== What is being asked ==
Print the listing exactly as it stands, and skip any pictures in it.

== Records for this task ==
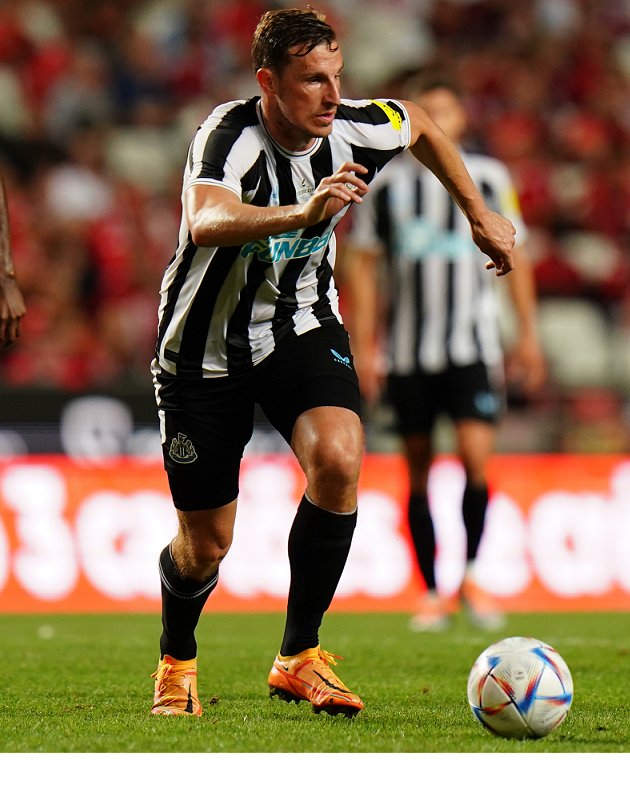 Newcastle striker Wood agrees to join Newcastle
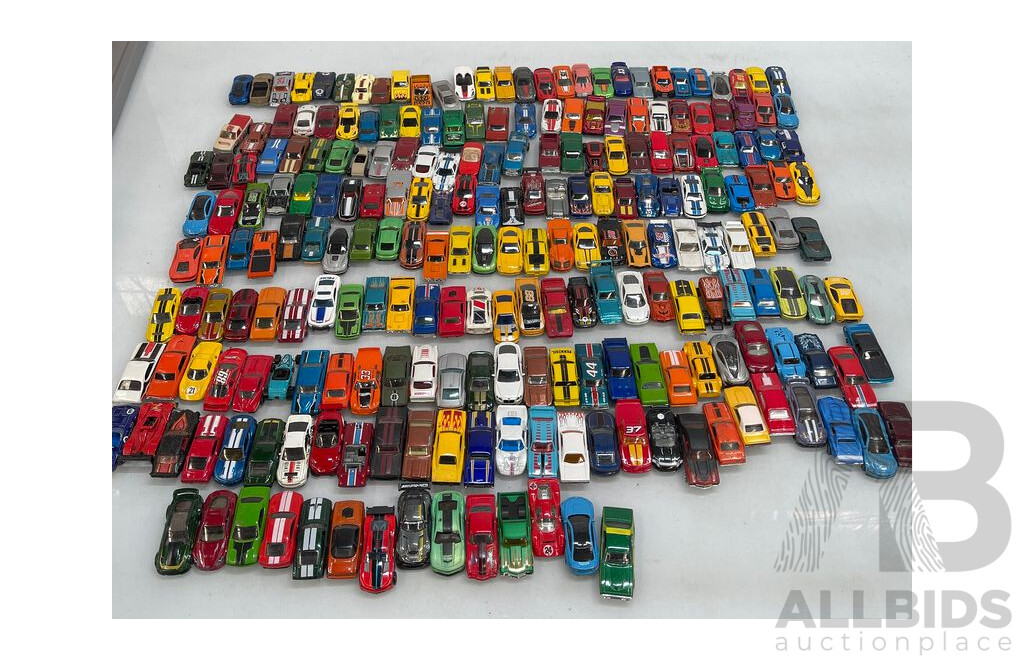 Collection of Over 200 Hotwheels Cars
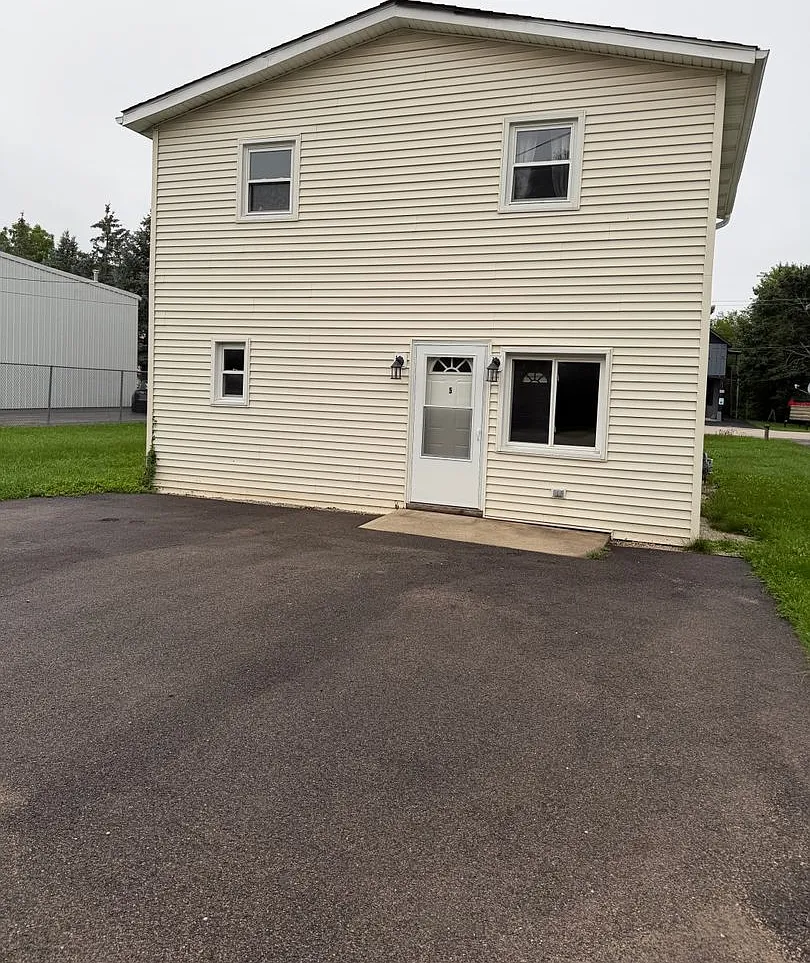2 Bedroom Home in Trevor — Photo 2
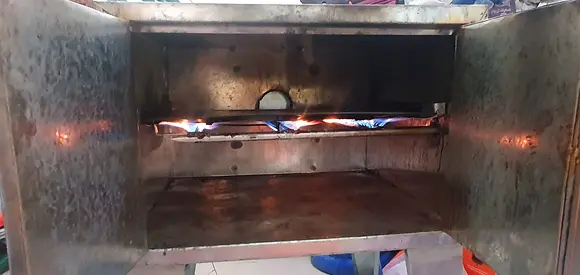 Excellent Oven with Large Capacity – Perfect for Baking Trays and Pastry Lovers
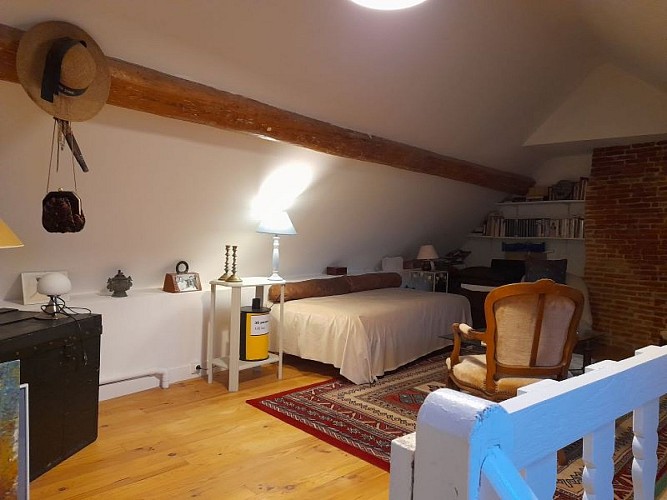 Mme GUILLOU - EN ROUGE ET BLANC - FECAMP - 2025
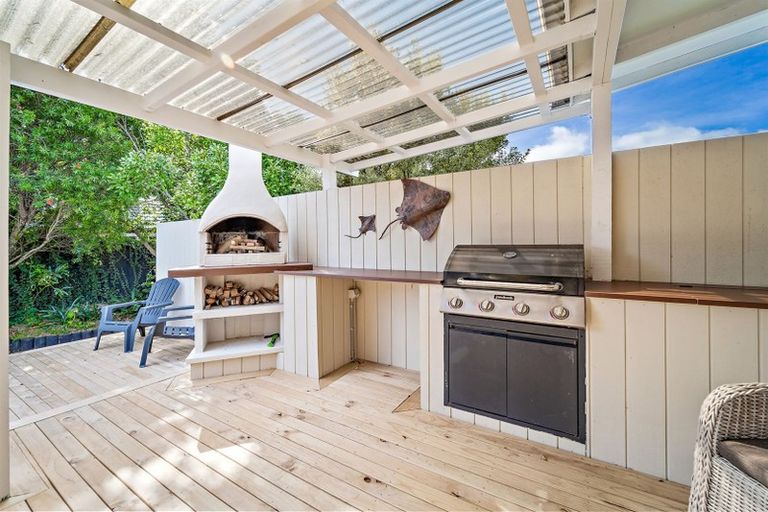 Photo of property in 9b Centreway Road, Orewa, 0931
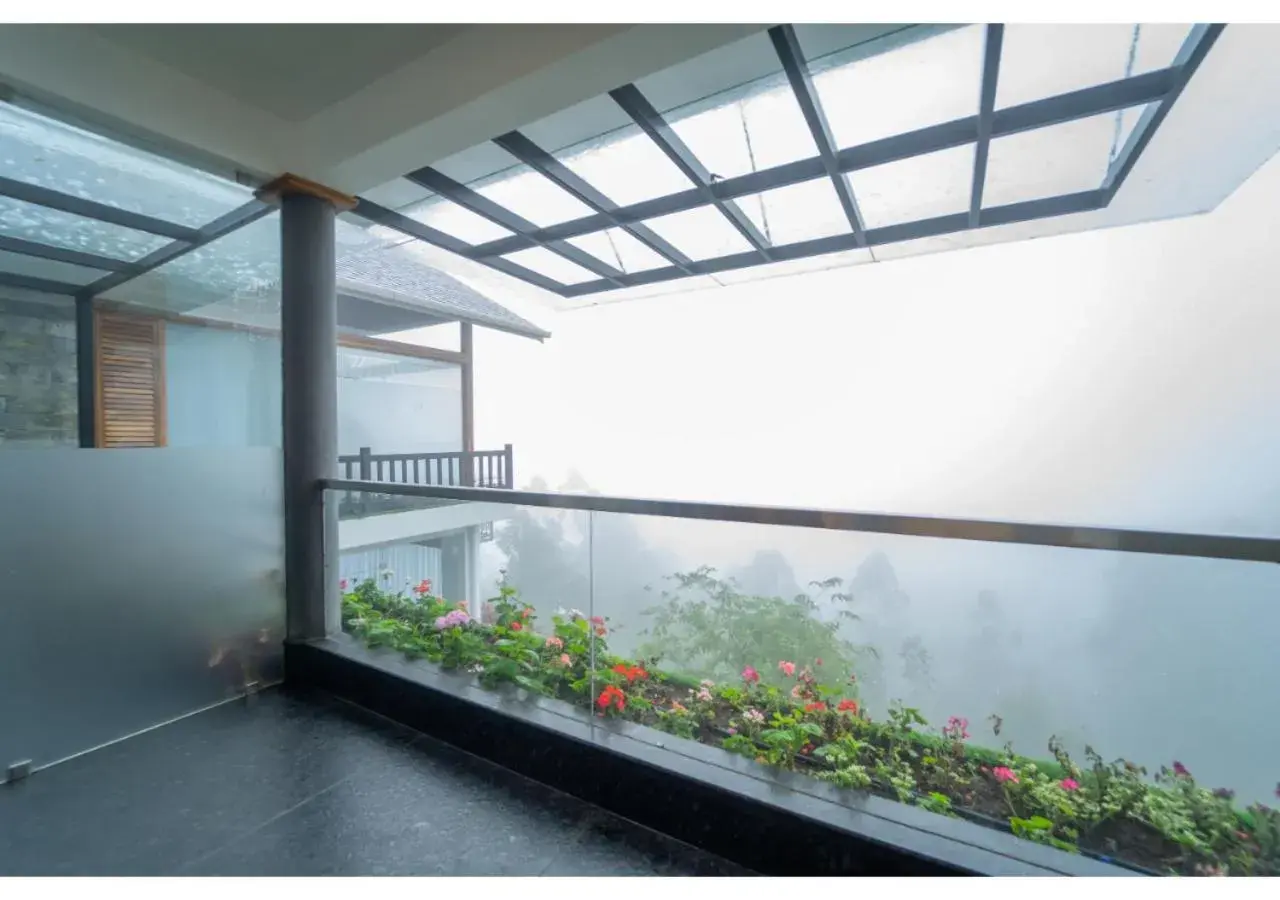 Super Deluxe in Chandys Drizzle Drops - Munnar Top Station Super Deluxe in Chandys Drizzle Drops - Munnar Top Station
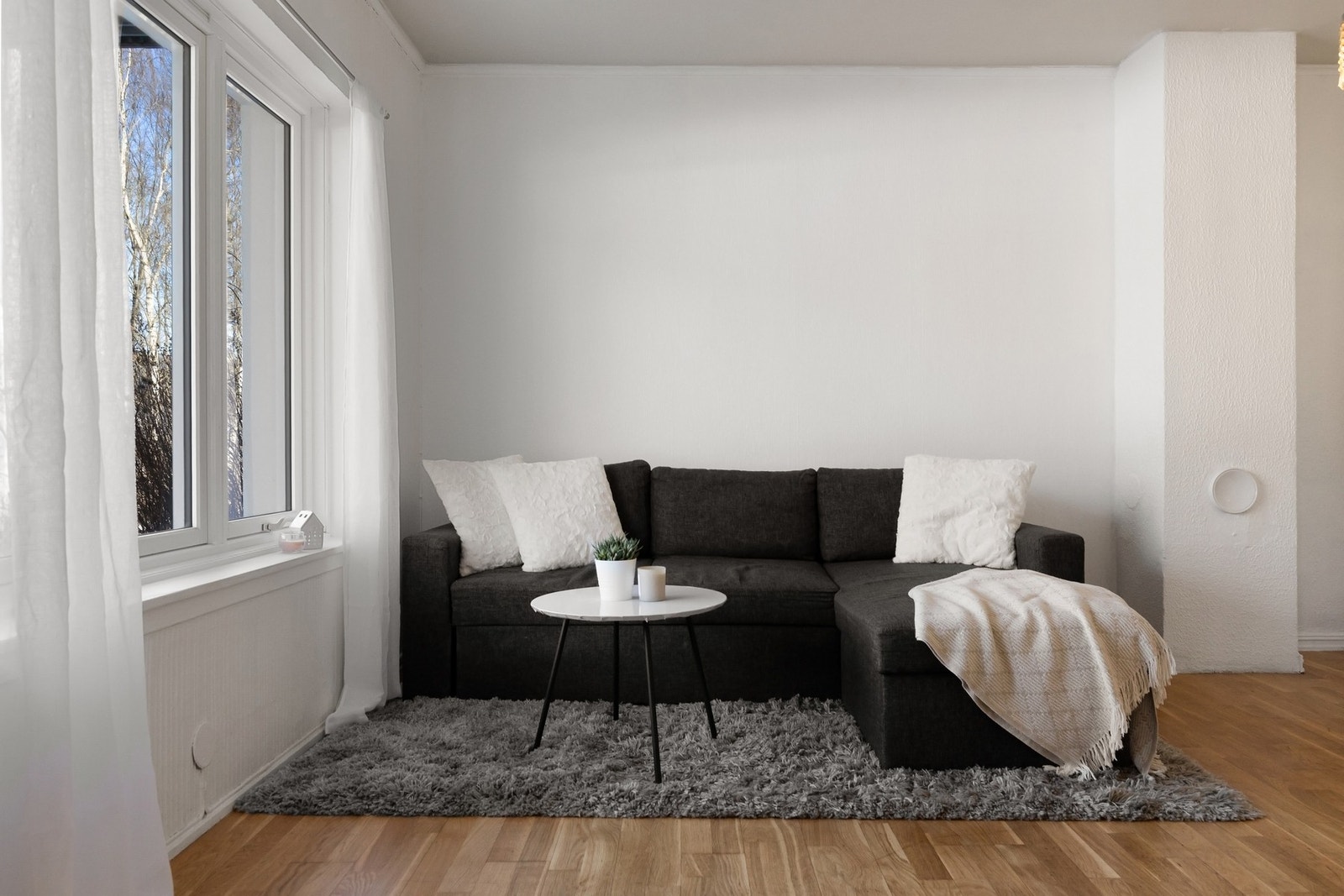 Nåværende eier har innredet med ett sofahjørne. Her har det vært god plass til både sofakrok og spisebord. Galleribilde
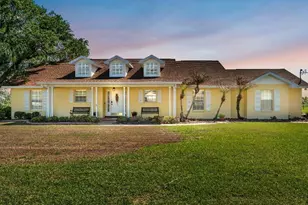 2910 Appling Woods Pl, Plant City, FL 33565 - Photo 1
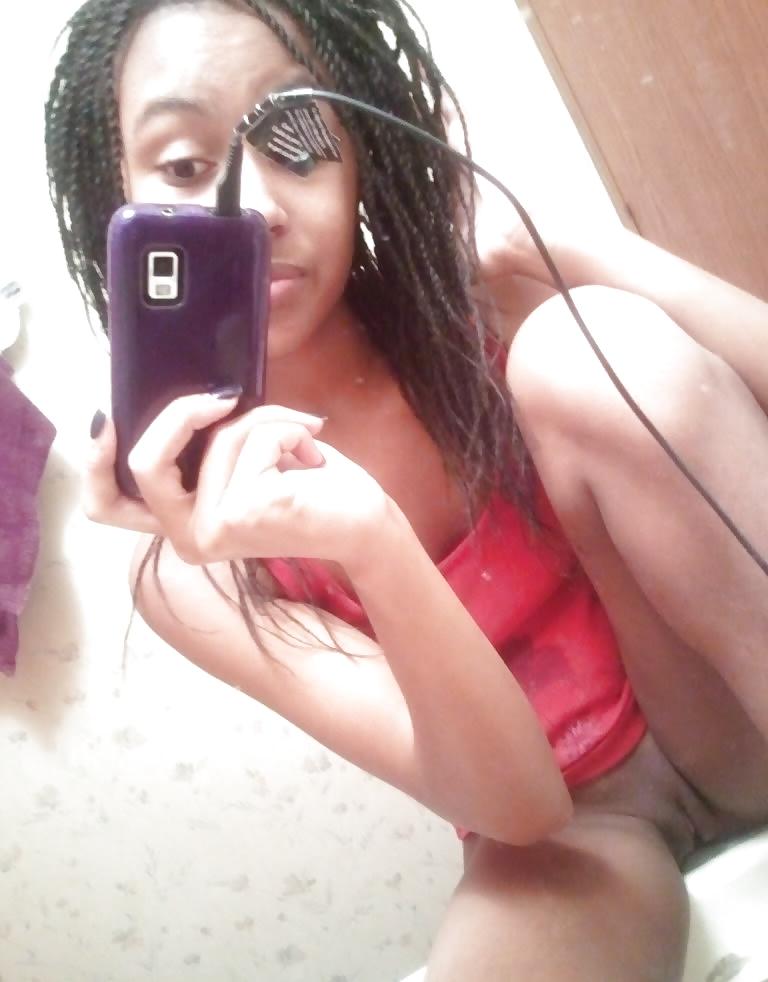 25P Amateur Black Girls 12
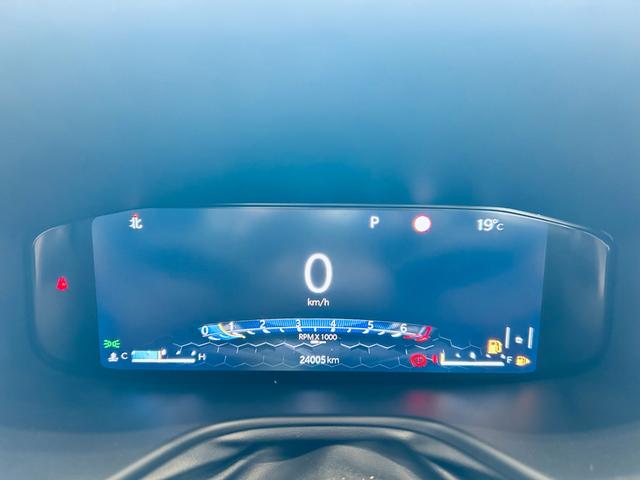 販売車輌は全て正規ディーラー車のみ。お乗りいただいてからもご安心いただける「フルサポート保証」。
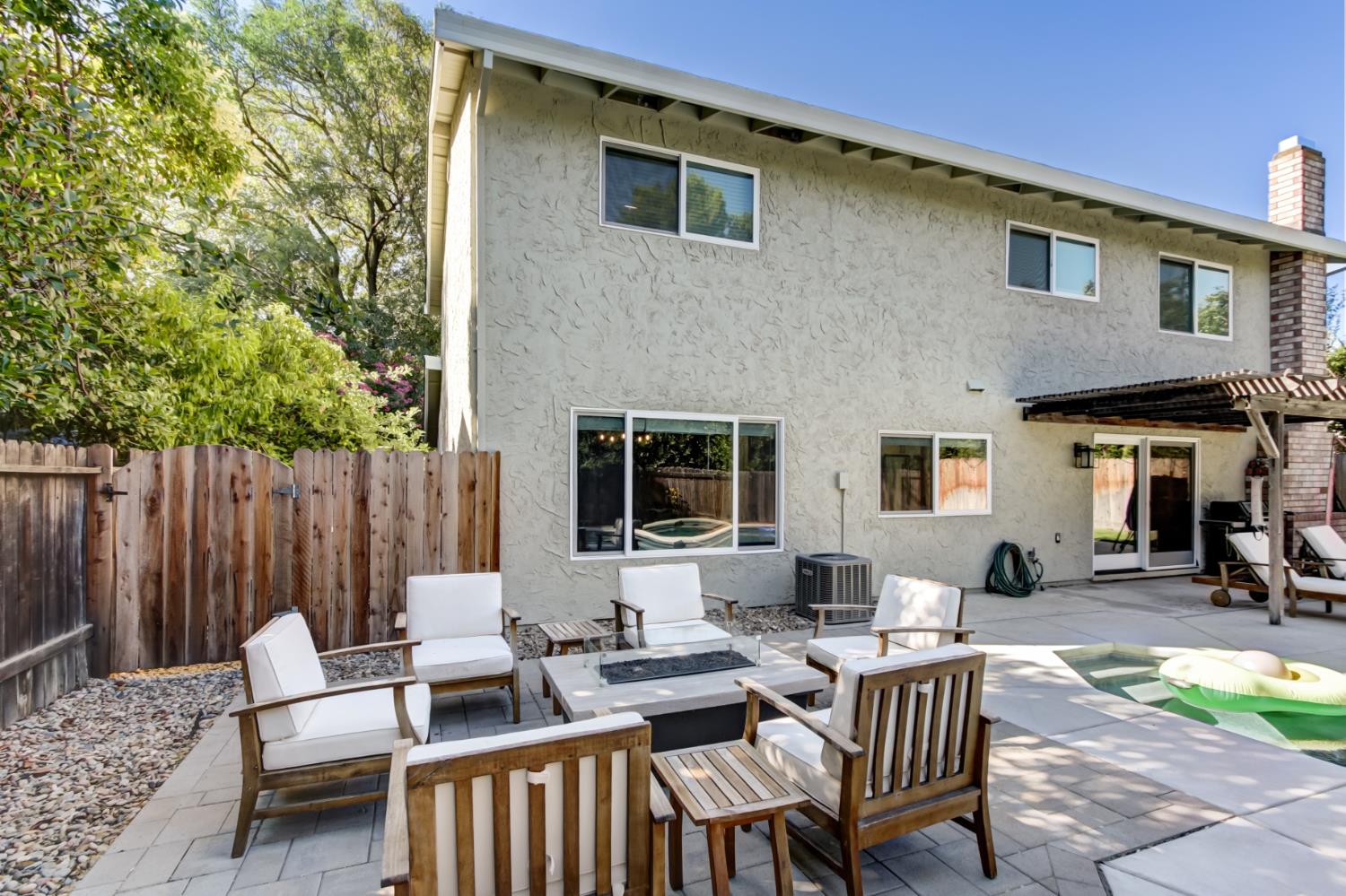 409 Encina Avenue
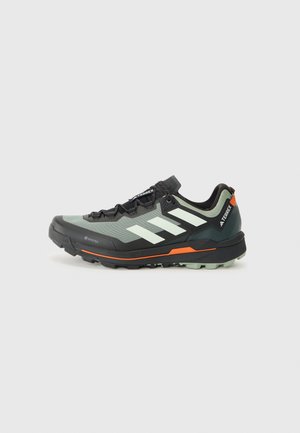 TERREX SKYCHASER TECH GTX - Hiking shoes - core black/linen green/silver-coloured green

== Solved exercise ==
 Newcastle striker Wood agrees to join Newcastle
 Collection of Over 200 Hotwheels Cars
2 Bedroom Home in Trevor — Photo 2
 Excellent Oven with Large Capacity – Perfect for Baking Trays and Pastry Lovers
 Mme GUILLOU - EN ROUGE ET BLANC - FECAMP - 2025
 Photo of property in 9b Centreway Road, Orewa, 0931
 Super Deluxe in Chandys Drizzle Drops - Munnar Top Station Super Deluxe in Chandys Drizzle Drops - Munnar Top Station
 Nåværende eier har innredet med ett sofahjørne. Her har det vært god plass til både sofakrok og spisebord. Galleribilde
 2910 Appling Woods Pl, Plant City, FL 33565 - Photo 1
 25P Amateur Black Girls 12
 販売車輌は全て正規ディーラー車のみ。お乗りいただいてからもご安心いただける「フルサポート保証」。
 409 Encina Avenue
 TERREX SKYCHASER TECH GTX - Hiking shoes - core black/linen green/silver-coloured green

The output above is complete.